TRIPS is not the result of democratic negotiations, though democratic values are supposed to be one of the core values of Western culture. Rather it was shaped by the interests of transnational companies (TNC’s) from the US, Japan, and Europe. Indigenous peoples did not have any say in the negotiations which led to the agreement, even though this agreement influences them a lot. Through TRIPS they are forced to accept patents on innovations.
But the article 27:1 of TRIPS mentioned earlier, states that patents shall have access in areas of technique, but not all innovations are technique; they may be written sources, and according to several treaties are therefore exempt from patents. But praxis has developed that innovations can be patented on the grounds of their further technical effects. Indigenous organizations have called for amending TRIPS, but not surprisingly they talk to deaf ears.
Indigenous peoples have a full right to complain also according to several treaties that are worth mentioning. The Convention of Biological Diversity (CBD) from 1992 is, with its 188 ratifications, the broadest supported global legally binding treaty. It promotes sustainable development and the fair and equal sharing of the benefits from the use of genetic resources. Article 8(j) of the CBD states that governments shall respect, preserve, and maintain knowledge, innovations and practices of indigenous and local communities in biodiversity conservation and encourage equal sharing of benefits arising from this. Its implementation, however, is hampered by the patent monopolies and private rights of the TRIPS agreement. The CBD is a bit ironic in that it gives governments the sovereignty over indigenous resources and states are also the ones signing the agreement, not indigenous groups.

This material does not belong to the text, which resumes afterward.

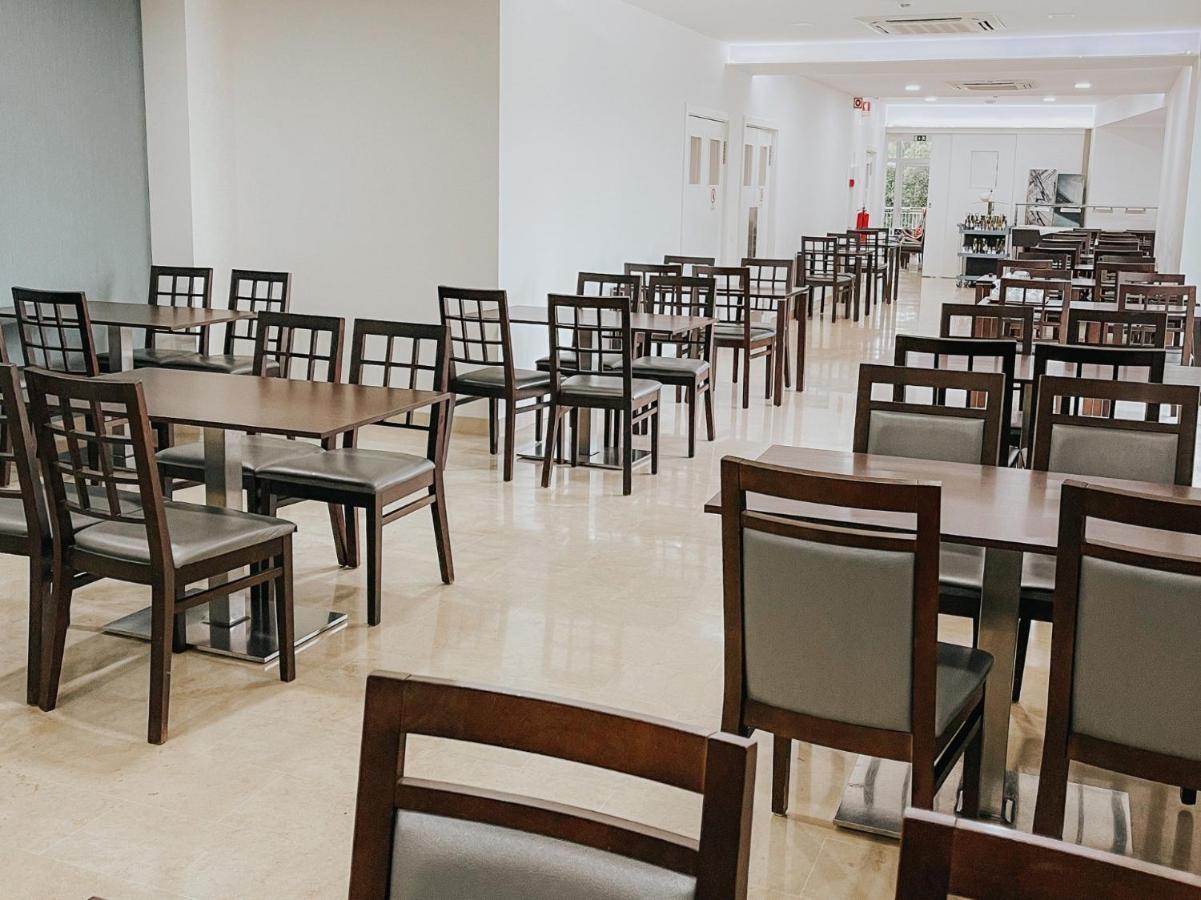 Coroa De Hotel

The WIPO Declaration is meant to make real those rights found in the Universal Declaration of Human Rights. This is not evident. According to articles 3 and 25, everyone has the right to share in scientific advancement and its benefits and have access to essential medicines, but as shown, strong patent protection on medicines, food and other basic goods compromise human rights commitments. Yet there has been little assessment of the human rights implications of IPR’s. On the basis of their field experience, MSF highlight the importance of addressing the current problems of public health before moving towards a substantive patent law.
Last, Article 27.3 (b) of TRIPS legitimizes private property rights in the form of intellectual property over life and processes entailed in modifying life forms. But these are rights for individuals, corporations and states, not for indigenous peoples and local communities. Discussions on indigenous knowledge should find support in ILO 169 and the Draft Declaration on the Rights of Indigenous Peoples (strengthening Article 27 of the UN International Covenant on Civil and Political Rights), which states that rights to indigenous knowledge, innovations, and practices cannot be discussed in isolation from indigenous people’s rights to their own territories and resources.
Sadly, the ILO 169, the only legally binding treaty to protect indigenous peoples, still has a weak legal status. Law does not necessarily mean justice and absence of discrimination. And indigenous peoples, which are a kind of nation within a nation, have no representation; they are not a category in official records. Governments, which mostly consider themselves to be the voice of all peoples within their territory, usually ignore indigenous peoples (Saugestad).